Shape of the waveforms
Proponents of analog recordings argue that it is superior to digital for the reason that digital recordings are an approximation of a
waveform. That is, a
sampling rate and resolution must be taken into account. For example, in a
CD, digital sound is encoded as 44.1
kHz,
16 bit audio. This means that the original wave is sampled 44,100 times a second - and an average amplitude level is applied to each sample. The variety of different amplitude values available is dependent on the resolution. 16 bit means that a total of 65,536 different values can be assigned, or
quantized to each sample.
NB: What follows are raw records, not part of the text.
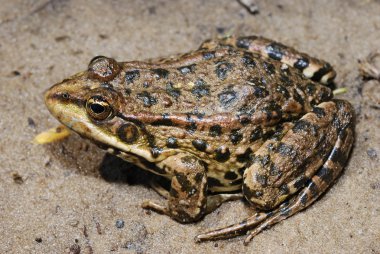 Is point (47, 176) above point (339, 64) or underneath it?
underneath

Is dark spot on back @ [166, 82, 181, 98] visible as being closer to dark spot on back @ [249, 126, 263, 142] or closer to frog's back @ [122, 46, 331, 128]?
frog's back @ [122, 46, 331, 128]

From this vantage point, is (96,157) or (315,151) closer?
(315,151)

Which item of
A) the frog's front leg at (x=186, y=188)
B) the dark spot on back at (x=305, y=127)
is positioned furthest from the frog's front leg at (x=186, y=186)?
the dark spot on back at (x=305, y=127)

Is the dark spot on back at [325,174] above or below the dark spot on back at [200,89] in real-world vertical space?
below

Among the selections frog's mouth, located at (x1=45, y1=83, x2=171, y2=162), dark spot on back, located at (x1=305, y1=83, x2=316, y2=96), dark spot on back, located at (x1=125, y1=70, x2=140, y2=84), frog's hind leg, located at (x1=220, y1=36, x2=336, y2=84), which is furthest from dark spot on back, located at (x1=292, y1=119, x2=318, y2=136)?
dark spot on back, located at (x1=125, y1=70, x2=140, y2=84)

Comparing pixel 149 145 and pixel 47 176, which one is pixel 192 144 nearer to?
pixel 149 145

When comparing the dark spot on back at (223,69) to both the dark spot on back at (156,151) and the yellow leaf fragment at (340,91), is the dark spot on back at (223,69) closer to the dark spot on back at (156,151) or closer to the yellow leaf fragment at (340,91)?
the dark spot on back at (156,151)

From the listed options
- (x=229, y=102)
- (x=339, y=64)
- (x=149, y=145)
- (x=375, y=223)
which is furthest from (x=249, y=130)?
(x=339, y=64) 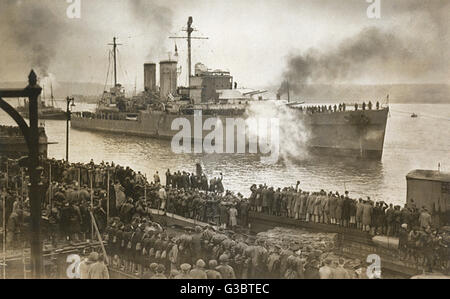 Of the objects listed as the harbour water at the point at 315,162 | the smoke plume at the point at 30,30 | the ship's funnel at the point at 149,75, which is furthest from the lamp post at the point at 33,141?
the ship's funnel at the point at 149,75

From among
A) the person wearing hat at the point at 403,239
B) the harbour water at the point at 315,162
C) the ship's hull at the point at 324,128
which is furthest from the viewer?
the ship's hull at the point at 324,128

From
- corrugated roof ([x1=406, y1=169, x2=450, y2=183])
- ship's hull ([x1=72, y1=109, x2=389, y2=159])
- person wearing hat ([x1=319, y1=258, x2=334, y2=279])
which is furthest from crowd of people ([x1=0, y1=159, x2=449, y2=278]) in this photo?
ship's hull ([x1=72, y1=109, x2=389, y2=159])

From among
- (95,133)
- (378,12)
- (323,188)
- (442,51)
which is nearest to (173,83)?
(95,133)

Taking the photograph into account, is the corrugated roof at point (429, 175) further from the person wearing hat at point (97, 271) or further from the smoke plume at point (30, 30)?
the smoke plume at point (30, 30)

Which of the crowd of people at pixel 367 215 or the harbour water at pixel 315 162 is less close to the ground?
the harbour water at pixel 315 162

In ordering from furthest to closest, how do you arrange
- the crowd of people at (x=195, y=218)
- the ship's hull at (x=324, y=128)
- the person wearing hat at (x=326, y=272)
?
the ship's hull at (x=324, y=128) → the crowd of people at (x=195, y=218) → the person wearing hat at (x=326, y=272) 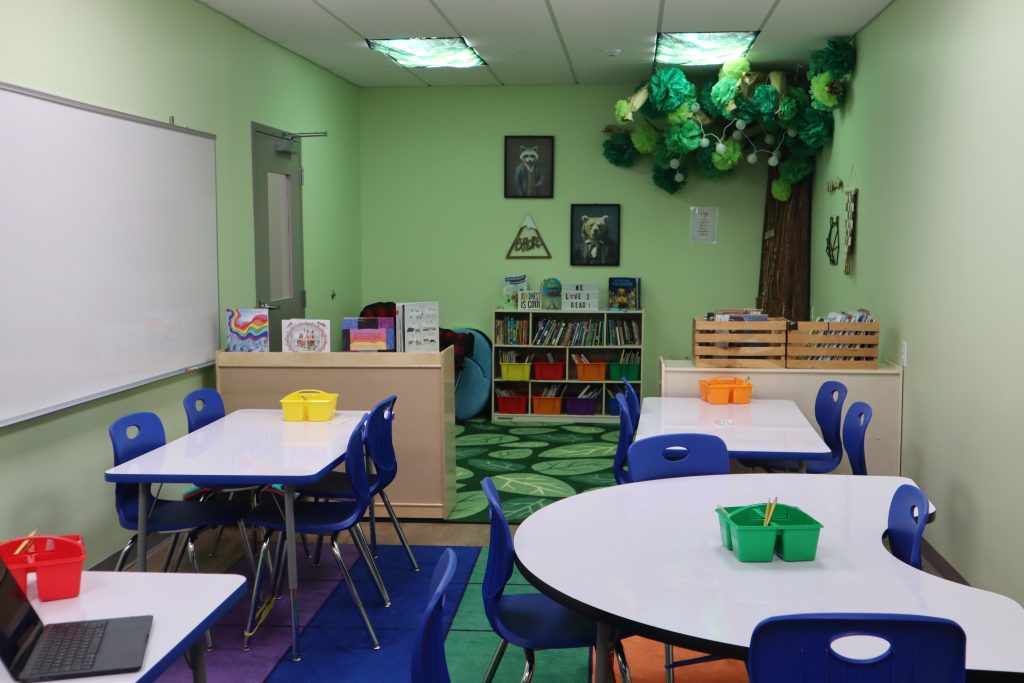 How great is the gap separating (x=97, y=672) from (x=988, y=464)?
144 inches


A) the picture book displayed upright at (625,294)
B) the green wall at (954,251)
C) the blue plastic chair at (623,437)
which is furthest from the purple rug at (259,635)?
the picture book displayed upright at (625,294)

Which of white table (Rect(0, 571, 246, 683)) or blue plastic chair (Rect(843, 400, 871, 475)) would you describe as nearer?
white table (Rect(0, 571, 246, 683))

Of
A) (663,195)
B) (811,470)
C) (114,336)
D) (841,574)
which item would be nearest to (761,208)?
(663,195)

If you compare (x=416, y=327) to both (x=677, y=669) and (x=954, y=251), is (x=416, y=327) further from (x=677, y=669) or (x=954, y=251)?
Result: (x=954, y=251)

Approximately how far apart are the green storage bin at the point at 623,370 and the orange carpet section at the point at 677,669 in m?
4.84

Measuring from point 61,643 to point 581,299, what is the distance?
679cm

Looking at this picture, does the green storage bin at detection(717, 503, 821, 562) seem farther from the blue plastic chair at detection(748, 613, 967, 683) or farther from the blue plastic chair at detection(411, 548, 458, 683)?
the blue plastic chair at detection(411, 548, 458, 683)

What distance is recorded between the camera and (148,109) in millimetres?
4965

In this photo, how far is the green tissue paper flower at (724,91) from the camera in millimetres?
7188

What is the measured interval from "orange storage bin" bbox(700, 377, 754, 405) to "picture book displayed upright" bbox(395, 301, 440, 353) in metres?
1.53

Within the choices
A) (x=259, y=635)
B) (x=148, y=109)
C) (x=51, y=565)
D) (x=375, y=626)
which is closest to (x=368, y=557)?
(x=375, y=626)

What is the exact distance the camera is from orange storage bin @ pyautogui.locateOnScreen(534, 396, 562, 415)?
28.0ft

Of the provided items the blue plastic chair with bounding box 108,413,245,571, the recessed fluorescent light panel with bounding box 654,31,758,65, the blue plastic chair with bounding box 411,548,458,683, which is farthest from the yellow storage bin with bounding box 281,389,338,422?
the recessed fluorescent light panel with bounding box 654,31,758,65

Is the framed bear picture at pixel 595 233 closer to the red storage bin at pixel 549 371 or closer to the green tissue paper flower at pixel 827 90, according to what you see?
the red storage bin at pixel 549 371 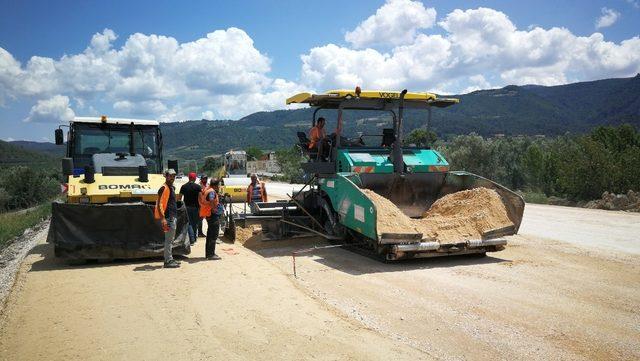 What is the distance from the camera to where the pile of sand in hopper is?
7547mm

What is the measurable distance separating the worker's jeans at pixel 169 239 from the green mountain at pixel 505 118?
3860 inches

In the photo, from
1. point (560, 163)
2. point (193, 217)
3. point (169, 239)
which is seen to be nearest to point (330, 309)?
point (169, 239)

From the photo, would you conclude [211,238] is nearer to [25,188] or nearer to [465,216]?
[465,216]

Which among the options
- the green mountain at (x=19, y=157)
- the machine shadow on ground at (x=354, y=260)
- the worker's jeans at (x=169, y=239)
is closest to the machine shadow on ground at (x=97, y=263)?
the worker's jeans at (x=169, y=239)

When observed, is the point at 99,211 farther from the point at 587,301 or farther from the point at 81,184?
the point at 587,301

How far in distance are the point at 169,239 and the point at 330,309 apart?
11.6 feet

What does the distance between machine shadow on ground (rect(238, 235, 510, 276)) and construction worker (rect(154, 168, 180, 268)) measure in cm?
186

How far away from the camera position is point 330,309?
5375 millimetres

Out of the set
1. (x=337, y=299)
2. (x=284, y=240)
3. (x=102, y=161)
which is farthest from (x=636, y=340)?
(x=102, y=161)

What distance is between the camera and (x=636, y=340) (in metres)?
4.43

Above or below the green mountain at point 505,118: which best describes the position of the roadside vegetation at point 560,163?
below

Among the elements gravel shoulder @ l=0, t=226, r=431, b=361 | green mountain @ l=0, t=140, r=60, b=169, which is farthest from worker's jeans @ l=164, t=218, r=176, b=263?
green mountain @ l=0, t=140, r=60, b=169

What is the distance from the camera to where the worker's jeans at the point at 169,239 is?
768 cm

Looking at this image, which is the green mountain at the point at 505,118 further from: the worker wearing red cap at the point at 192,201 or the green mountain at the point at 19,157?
Answer: the worker wearing red cap at the point at 192,201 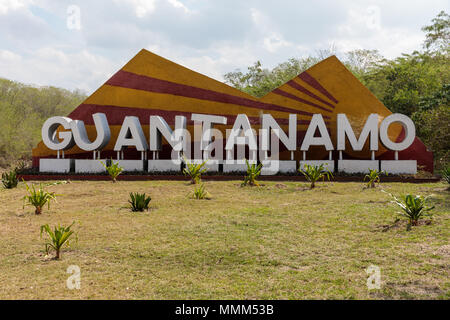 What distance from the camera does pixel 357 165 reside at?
1473 centimetres

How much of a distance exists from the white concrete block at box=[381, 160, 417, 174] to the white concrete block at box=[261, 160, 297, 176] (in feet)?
11.9

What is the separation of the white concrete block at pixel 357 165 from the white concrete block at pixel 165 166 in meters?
6.79

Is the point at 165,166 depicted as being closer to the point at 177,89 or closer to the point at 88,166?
the point at 88,166

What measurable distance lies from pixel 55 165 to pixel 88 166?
1509 mm

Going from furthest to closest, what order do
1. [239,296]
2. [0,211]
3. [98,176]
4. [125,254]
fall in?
[98,176] < [0,211] < [125,254] < [239,296]

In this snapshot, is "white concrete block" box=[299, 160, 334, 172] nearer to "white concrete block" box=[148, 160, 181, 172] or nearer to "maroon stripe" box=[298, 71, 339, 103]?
"maroon stripe" box=[298, 71, 339, 103]

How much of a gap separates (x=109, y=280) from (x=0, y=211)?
20.0ft

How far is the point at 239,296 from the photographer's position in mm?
3910

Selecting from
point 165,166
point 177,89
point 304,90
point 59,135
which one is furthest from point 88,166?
point 304,90

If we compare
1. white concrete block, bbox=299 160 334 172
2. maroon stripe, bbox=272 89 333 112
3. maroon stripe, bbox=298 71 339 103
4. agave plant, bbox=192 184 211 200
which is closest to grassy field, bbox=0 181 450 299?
agave plant, bbox=192 184 211 200

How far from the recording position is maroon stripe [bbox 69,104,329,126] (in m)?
16.2

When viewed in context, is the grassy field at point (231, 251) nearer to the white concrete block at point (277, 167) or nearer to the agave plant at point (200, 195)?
the agave plant at point (200, 195)

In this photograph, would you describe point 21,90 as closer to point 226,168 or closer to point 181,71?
point 181,71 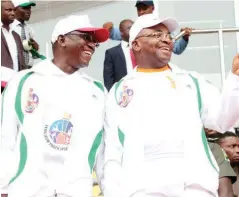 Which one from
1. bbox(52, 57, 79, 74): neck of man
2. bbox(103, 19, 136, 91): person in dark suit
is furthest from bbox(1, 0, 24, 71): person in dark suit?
bbox(52, 57, 79, 74): neck of man

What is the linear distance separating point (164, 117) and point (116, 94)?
40 centimetres

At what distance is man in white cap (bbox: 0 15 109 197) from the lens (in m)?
3.99

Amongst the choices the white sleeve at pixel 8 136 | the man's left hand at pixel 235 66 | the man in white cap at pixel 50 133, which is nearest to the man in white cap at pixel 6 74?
the man in white cap at pixel 50 133

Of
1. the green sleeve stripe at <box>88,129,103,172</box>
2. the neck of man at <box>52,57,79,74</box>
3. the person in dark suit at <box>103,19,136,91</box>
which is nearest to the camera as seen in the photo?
the green sleeve stripe at <box>88,129,103,172</box>

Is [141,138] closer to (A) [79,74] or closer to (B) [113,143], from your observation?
(B) [113,143]

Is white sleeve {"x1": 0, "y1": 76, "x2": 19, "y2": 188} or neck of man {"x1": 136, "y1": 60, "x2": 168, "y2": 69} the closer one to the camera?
white sleeve {"x1": 0, "y1": 76, "x2": 19, "y2": 188}

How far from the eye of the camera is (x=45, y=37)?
8086mm

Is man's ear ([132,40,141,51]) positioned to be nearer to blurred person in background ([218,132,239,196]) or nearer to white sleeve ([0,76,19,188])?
white sleeve ([0,76,19,188])

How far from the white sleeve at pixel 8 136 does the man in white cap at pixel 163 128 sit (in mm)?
535

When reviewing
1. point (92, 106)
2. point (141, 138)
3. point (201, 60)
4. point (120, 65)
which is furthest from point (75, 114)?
point (201, 60)

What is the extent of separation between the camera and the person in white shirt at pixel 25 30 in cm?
653

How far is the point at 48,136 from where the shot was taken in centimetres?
406

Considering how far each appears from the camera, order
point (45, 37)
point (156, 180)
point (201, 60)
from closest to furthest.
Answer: point (156, 180) → point (201, 60) → point (45, 37)

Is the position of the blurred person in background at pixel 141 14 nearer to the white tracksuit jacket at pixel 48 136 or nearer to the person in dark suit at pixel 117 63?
the person in dark suit at pixel 117 63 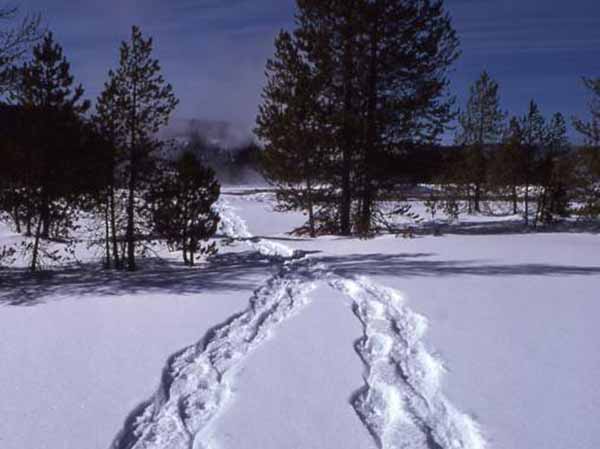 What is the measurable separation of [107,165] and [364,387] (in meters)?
11.9

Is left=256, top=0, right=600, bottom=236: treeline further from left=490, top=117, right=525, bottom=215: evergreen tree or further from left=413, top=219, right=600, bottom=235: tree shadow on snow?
left=490, top=117, right=525, bottom=215: evergreen tree

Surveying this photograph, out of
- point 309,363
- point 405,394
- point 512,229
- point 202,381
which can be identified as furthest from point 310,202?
point 405,394

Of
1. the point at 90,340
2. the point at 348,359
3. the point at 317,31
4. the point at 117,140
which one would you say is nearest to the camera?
the point at 348,359

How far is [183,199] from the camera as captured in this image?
45.9 feet

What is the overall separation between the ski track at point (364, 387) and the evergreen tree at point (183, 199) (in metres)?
7.35

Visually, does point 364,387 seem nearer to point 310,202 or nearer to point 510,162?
point 310,202

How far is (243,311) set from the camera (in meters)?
6.68

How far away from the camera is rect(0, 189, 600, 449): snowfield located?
3303 millimetres

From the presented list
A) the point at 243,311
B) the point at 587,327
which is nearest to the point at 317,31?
the point at 243,311

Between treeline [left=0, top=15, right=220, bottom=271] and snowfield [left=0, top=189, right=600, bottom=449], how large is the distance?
4485 mm

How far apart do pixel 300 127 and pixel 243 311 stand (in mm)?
11966

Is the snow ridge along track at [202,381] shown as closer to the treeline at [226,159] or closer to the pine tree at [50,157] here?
the pine tree at [50,157]

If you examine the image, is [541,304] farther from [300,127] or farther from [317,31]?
[317,31]

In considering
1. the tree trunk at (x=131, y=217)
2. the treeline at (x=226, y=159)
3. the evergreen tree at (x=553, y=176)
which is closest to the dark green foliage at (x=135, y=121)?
the tree trunk at (x=131, y=217) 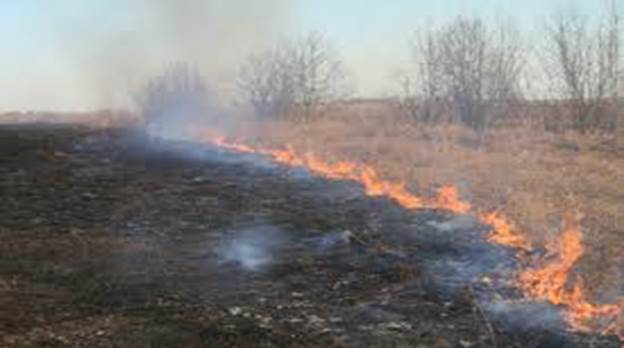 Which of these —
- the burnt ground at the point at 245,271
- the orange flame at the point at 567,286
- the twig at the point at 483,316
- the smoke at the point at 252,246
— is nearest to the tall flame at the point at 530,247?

Therefore, the higher the sample rate and resolution, the higher the quality of the audio, because a wave closer to that of the original audio can be stored. For comparison,
DAT can store audio at up to 48 kHz, whilst
DVD-Audio can be 96 or 192 kHz and up to 24 bits resolution. This affords a significant increase in
sound quality. The
Nyquist-Shannon sampling theorem showed that a sampled signal can be reproduced
exactly, as long as it is sampled at a frequency greater than twice the
bandwidth of the signal. Quantization, however, is not included in this theorem, and adds
quantization noise, decreasing in level as the bit resolution increases. Also, in some cheaper systems,
aliasing can become a problem, though this can be remedied by using steeper filters and
oversampling.
Many people claim that the analog sound is "truer" because it is not reconstructed. They claim that digital sound simply does not sound as natural to them. Others claim that digital is more natural because it is not subject to the same imperfections and non-linear distortion as an analog medium. And some suggest that analog is technically of lower quality than digital but sounds
subjectively better. For the general listener, however, there appears at present to be no simple way of demonstrating or proving the difference in fidelity. Higher quality systems will probably sound better than cheap ones, regardless of type. One simple listening test is to play a vocal track; the 's' sounds will hiss on a CD player with a bad DAC and they will be barely audible on a record player with a bad pickup.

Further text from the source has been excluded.